Unbiasing the Semigroup instance for Map

I propose another solution to this problem:

v0.14.0:

  • We reimplement ordered-collectionsMap as a completely new module Data.Map.Unbiased that has the updated instances. Those who want to “opt-in” to the new instances can use the new module.
  • The original Data.Map module’s Map one will have Warn constraints put on its instances that complain loudly about their upcoming change in v0.15.0.
  • we define a function that is effectively coerce between the two data types (i.e. Data.Map k v -> Data.Map.Biased k v and vice-versa), so that the ecosystem doesn’t have to create two things for each implementation.

v0.15.0

  • The original Map instances will be updated to use the “opt-in” version’s implementation of the instances. However, it’s Warn constraints haven’t been removed. Now they say, “These instances are now unbiased and are the same as the instances in Data.Map.Biased.”

v0.16.0

  • The Warn constraints from the original Map are removed. This Map is effectively the same as the Biased Map in v0.14.0
  • The biased Map module is deprecated, users of this code in v0.14.0 are now told to migrate back to the original implementation.

v0.17.0

  • The biased Map module is removed

This approach has the following benefits at the cost of how long this migration approach takes:

  • v0.14.0 users can immediately use the unbiased versions. Those who are currently depending on the biased versions are loudly notified of the issue
  • Those who “jump” two versions are still notified of the issue.
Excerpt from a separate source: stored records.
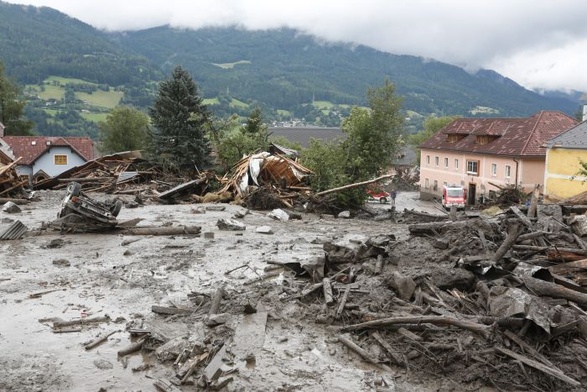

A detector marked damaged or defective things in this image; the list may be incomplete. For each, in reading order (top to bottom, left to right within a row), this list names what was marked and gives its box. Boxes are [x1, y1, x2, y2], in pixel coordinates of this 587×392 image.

damaged roof [422, 110, 580, 156]
overturned car [57, 181, 123, 228]
broken wooden plank [496, 348, 584, 388] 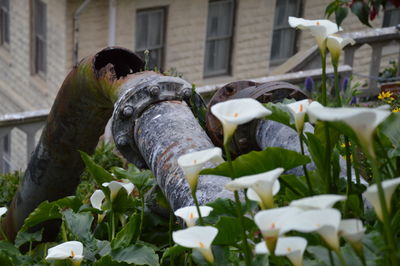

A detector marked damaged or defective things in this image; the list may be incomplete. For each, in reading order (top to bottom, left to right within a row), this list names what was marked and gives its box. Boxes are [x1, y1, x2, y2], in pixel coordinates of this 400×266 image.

rusty metal pipe [1, 46, 145, 240]
corroded metal fitting [111, 72, 193, 168]
corroded metal fitting [205, 80, 308, 157] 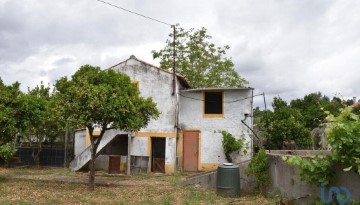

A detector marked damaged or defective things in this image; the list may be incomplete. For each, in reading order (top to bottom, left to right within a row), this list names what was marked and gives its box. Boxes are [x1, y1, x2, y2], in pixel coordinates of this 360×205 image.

I don’t think there is any way of preventing users from running into this if they skip over major versions. @JordanMartinez with your proposal, people jumping from 0.13.x (or earlier) to 0.16.x (or later) run into the same issue; any code using Map’s Semigroup instance where the values have a Semigroup instance will silently change behaviour. It’s true that skipping over two major version series in a row will be rarer, though.
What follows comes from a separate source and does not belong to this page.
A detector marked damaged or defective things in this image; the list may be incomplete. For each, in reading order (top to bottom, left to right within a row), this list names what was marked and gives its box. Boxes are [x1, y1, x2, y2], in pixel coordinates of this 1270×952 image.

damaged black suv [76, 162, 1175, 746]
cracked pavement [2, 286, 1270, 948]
Rereading through this issue, we seem to have the following parties represented:

  1. Those who have 10,000s LOC backing real production-level apps that depend on the biased instance. Upgrading a codebase to v0.14.0 is already going to be somewhat tedious and this change is going to add to their workload and steal developer time away from other things that add value to the business.
  2. Those who do not have production-level apps and who pay no cost if the change is made
  3. Those who fall somewhere in-between 1 and 2
  4. The unknown group of people who will upgrade to v0.14.0 or some future breaking PS release sometime after this point

Reading through this again, it seems like we have a few options:

  1. do not change the instance and provide a newtype to get the unbiased version
  2. provide some multi-major-release solution that migrates from the current instance to the changed one
  3. change the instance to an unbiased one now

#1 seems to satisfy most people’s concerns.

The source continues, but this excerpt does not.